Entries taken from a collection
▶
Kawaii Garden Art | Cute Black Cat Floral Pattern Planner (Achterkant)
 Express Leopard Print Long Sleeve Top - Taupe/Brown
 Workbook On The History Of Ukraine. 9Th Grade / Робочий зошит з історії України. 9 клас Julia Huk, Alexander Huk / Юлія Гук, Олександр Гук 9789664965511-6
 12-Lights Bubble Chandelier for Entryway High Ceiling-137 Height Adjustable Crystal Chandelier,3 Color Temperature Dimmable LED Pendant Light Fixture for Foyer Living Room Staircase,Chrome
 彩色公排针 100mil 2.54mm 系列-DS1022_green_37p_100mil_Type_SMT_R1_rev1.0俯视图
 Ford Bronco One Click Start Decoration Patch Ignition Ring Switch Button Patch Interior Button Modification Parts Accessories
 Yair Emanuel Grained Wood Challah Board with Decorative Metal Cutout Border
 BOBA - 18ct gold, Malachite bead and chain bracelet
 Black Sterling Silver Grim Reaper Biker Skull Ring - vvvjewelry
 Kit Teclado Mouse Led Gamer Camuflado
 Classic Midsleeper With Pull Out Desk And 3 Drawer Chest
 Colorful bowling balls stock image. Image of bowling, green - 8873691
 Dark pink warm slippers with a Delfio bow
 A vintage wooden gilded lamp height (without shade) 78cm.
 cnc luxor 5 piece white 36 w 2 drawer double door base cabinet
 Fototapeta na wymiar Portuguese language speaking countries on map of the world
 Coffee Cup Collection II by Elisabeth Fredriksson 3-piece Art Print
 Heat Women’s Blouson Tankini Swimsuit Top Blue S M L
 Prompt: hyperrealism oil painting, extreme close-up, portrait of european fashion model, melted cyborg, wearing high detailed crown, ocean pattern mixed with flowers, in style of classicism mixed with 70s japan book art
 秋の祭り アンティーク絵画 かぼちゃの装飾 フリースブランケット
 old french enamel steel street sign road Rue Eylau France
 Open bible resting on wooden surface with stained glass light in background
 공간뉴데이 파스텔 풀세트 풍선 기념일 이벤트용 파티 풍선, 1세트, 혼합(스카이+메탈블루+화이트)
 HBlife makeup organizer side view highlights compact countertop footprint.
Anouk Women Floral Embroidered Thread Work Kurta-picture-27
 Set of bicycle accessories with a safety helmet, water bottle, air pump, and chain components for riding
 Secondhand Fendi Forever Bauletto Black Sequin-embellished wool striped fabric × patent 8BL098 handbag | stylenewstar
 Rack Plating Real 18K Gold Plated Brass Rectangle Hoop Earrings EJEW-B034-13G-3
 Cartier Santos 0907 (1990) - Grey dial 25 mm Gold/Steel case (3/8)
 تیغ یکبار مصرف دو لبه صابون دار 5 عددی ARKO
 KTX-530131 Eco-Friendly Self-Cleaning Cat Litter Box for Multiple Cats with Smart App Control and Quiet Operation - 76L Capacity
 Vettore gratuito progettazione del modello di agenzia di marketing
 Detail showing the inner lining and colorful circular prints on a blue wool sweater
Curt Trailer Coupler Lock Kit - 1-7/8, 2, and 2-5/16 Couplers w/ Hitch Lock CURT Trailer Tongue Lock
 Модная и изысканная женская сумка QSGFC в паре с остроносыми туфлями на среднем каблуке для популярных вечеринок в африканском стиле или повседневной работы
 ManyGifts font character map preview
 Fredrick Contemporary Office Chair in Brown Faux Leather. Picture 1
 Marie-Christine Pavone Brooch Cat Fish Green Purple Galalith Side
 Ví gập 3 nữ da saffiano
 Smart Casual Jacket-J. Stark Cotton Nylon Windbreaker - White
◀
- **PROBLEM DETAILS**: If a line of the entries above includes the word "chain", count it; then state the total and nothing else.

- **THE ANSWER**: 2